What should you transcribe? Every line from the top of the records below through the line with "We have no products", exactly, and no pictures.

Stored items:
···
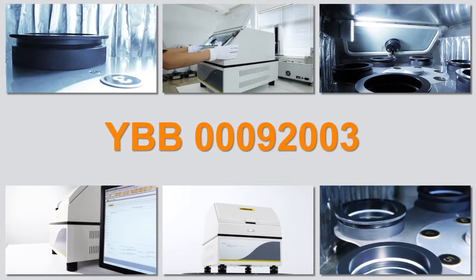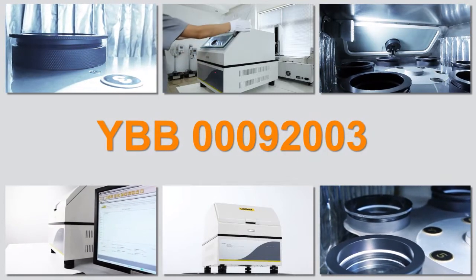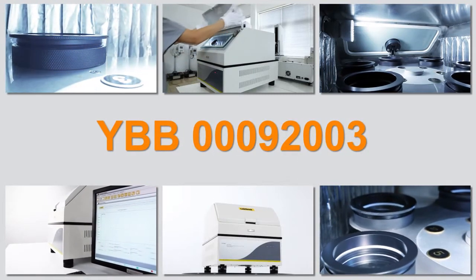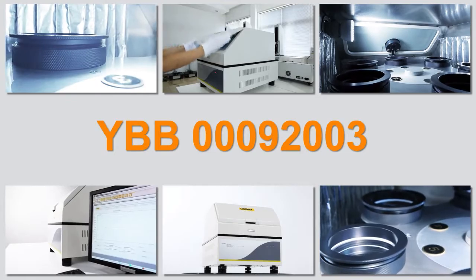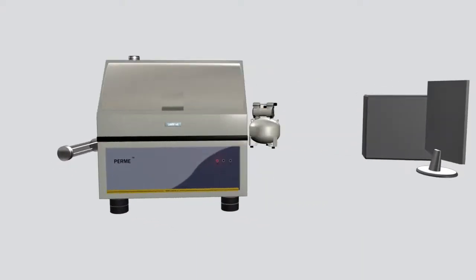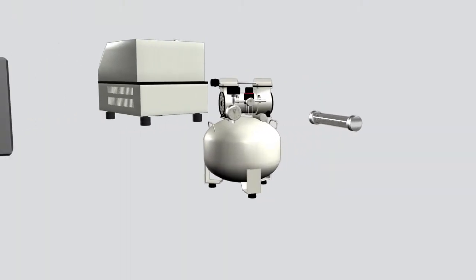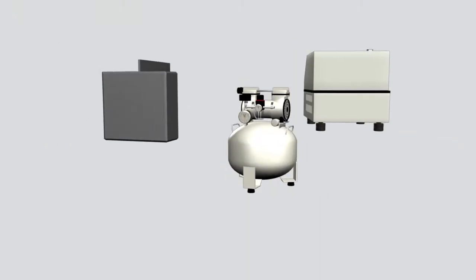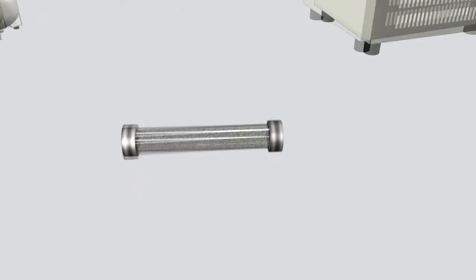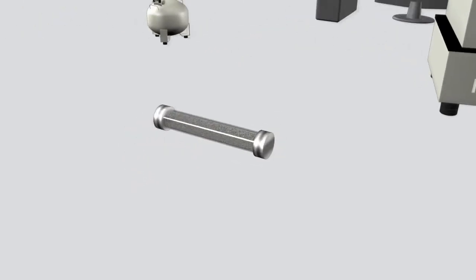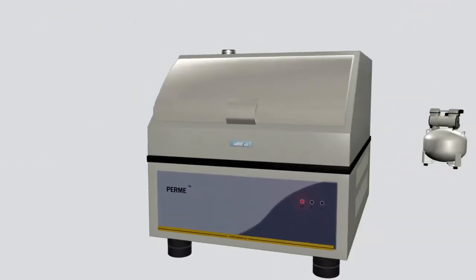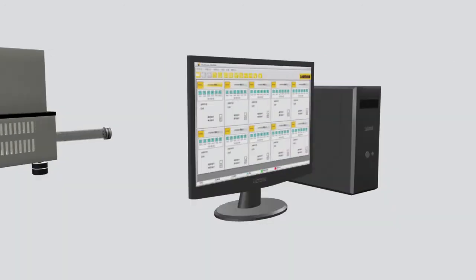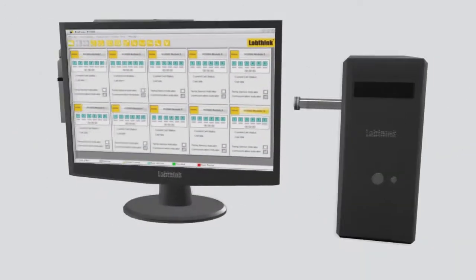The entire testing system consists of an air compressor, an air drying and filtering device, the WVTR testing system, a computer and the testing software.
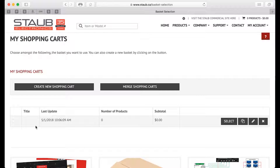We have no products added to it, but we know that we want to create a couple of shopping carts or shopping lists for future needs or recurring needs. One of them will be for the upcoming cooler season.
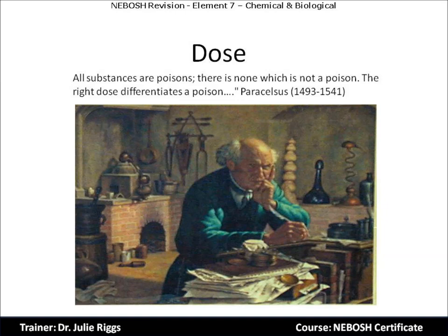All substances will exhibit a toxic effect given a large enough dose. If the dose is low enough, even a highly toxic substance will cease to cause a harmful effect. The toxic potency of a chemical is ultimately defined by the dose — the amount of the chemical that will produce a specific response in a specific biological system. It is considered that all substances are poisonous; there is none which is not a poison. The right dose differentiates a poison.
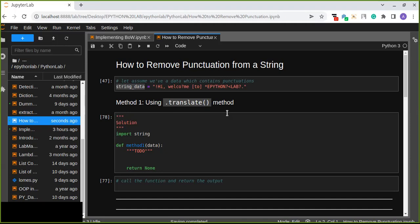Hello guys, welcome to ePythonLab. Today I'm going to show you how to remove punctuation from a string. In this tutorial, you'll learn how to remove punctuation from data. So let's assume you have data which contains a lot of punctuation, and we need to find a way to remove those punctuations. I'm going to show you three different methods and which method is the fastest, and we can compare based on the execution time.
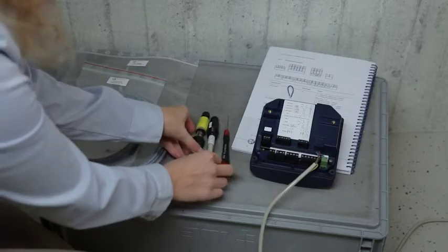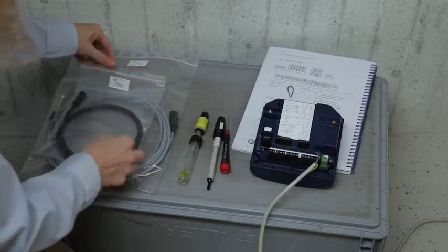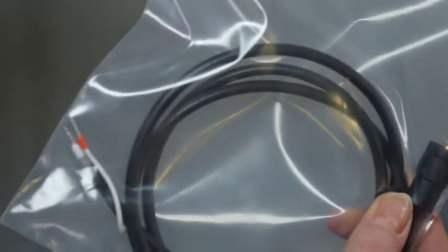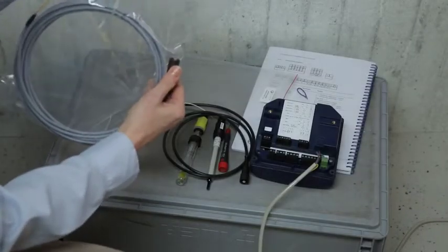You need two cables: a coax cable for the pH sensor and a 2-core cable for the temperature sensor.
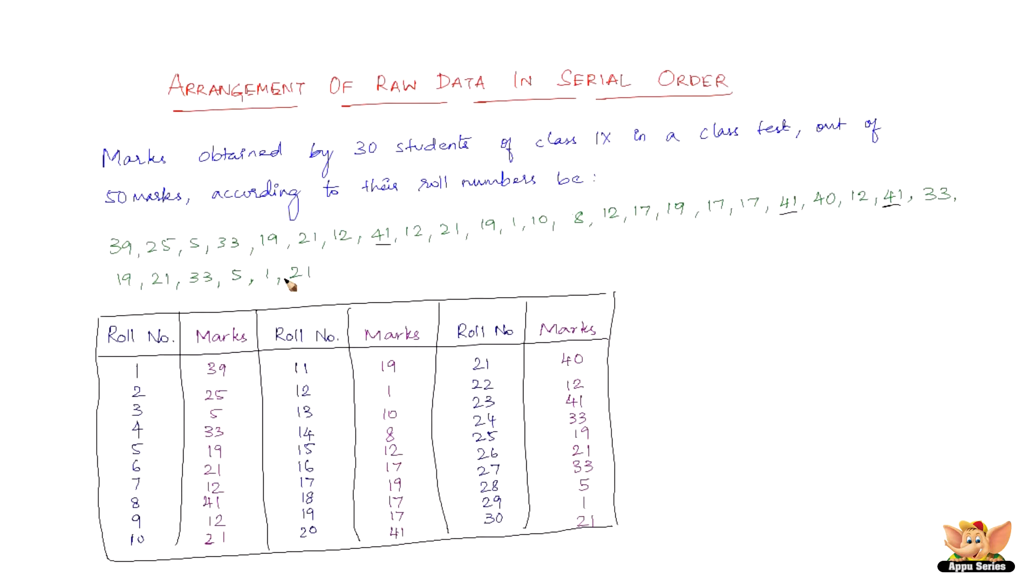So the raw data when put in ascending or descending order of magnitude is called an array or array data.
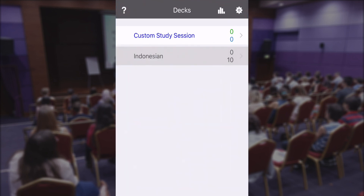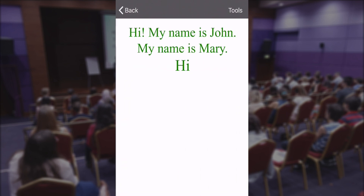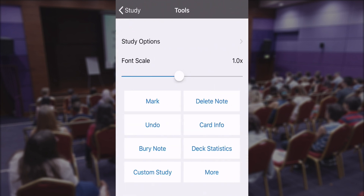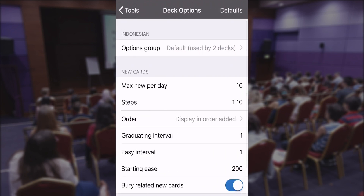Click on the flashcard deck that you are studying. In my case I'm learning Indonesian at the moment, so click on Indonesian, then go to Tools at the top, then Study Options.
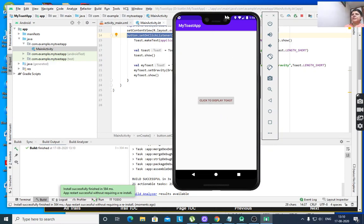That's it. This is the brief explanation about Toast — a short message which will disappear after a short time. Thank you.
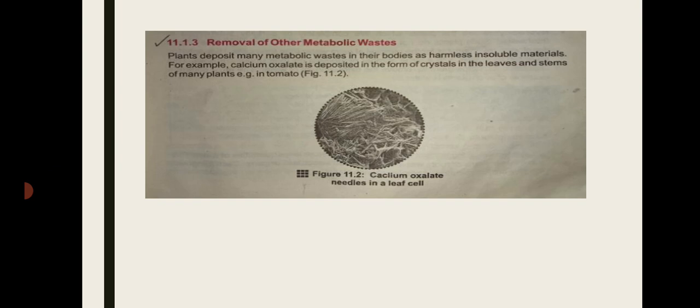Plants deposit many metabolic waste materials in their bodies as harmless insoluble material. Plants store a lot of metabolic waste inside their bodies in the form of harmless insoluble material. For example, calcium oxalate is deposited in the form of crystals in the leaves and stems of many plants.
···
▶ WRITTEN SOLUTION
The entire testing system consists of an air compressor, an air drying and filtering device, the WVTR testing system, a computer and the testing software.
We have no products added to it, but we know that we want to create a couple of shopping carts or shopping lists for future needs or recurring needs. One of them will be for the upcoming cooler season.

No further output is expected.